Sudan border dispute: Where does the South stop and North begin?By DAVID K. MAFABI | Friday, April 27 2012 at 10:48
Tension has been escalating rapidly between Sudan and South Sudan, with all attention focused on the situation in and around the oil-rich town of Heglig.
Further, bomber incursions into South Sudan from Sudan have reportedly taken place, and lives lost. The United Nations and the African Union have both called for cessation of hostilities, etc. All reports indicate that both Khartoum and Juba have been mobilising heavily.
The main question now is what can Africa and the international community do to stop an all out war? Where are the so-called friends of IGAD, etc - who were so visible during the signing of the Comprehensive Peace Agreement (CPA)? In the meantime, President Omar al-Bashir has declared that South Sudan understands only “the language of guns and bullets”!

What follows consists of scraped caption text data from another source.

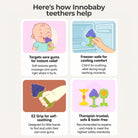 Innobaby EZ Grip Massaging Teether / GRAPE & CITRUS & STRAWBERRY Combo Pack - innobaby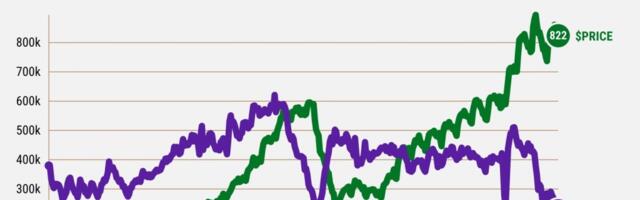 California homebuying crashed in 2023. What’s next?
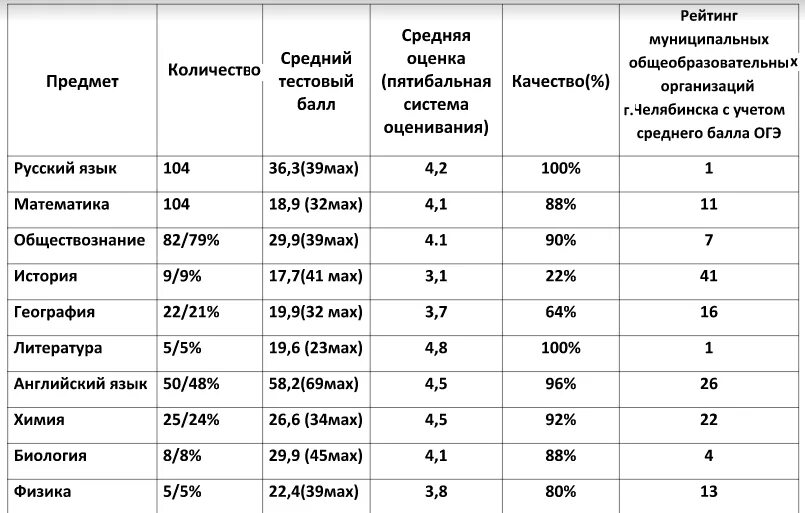 Результаты огэ по обществознанию. Средний балл ОГЭ по обществознанию. Результаты ОГЭ 2019. Результаты ОГЭ баллы. ОГЭ по обществознанию баллы на 5.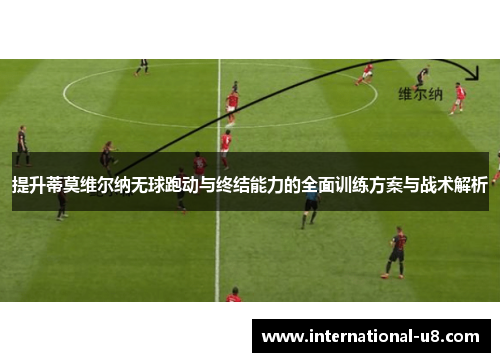 提升蒂莫维尔纳无球跑动与终结能力的全面训练方案与战术解析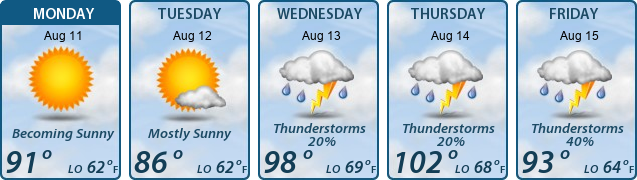 5-Day Forecast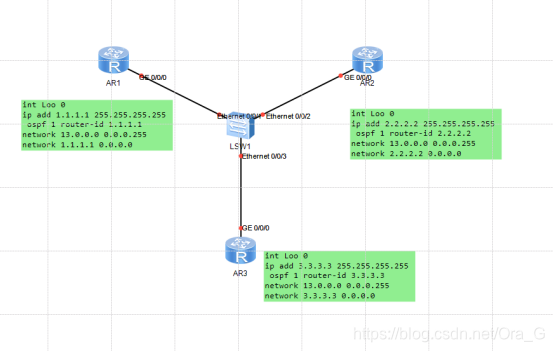 华为eNSPOSPF验证试验OraG的博客-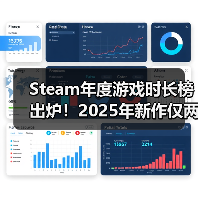Steam年度游戏时长榜出炉！2025年新作仅两款入围（图3）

During the armed struggle in the Sudan, the late African revolutionary and leader John Garang de Mabior used to pose an intriguing question: “Where does the South stop and North begin?”
In posing the question, he was stating his ideological conviction regarding the perceived South/North divide - reflecting the scientific and geographical truth that any point on the globe had simultaneously within itself South, North, East, West, etc.
More specifically, up to his last breath, Garang was a unionist - his struggle, unlike the majority of his countrymen from the South, was not about breaking up the Sudan. It was about building a new, united, democratic and just Sudan.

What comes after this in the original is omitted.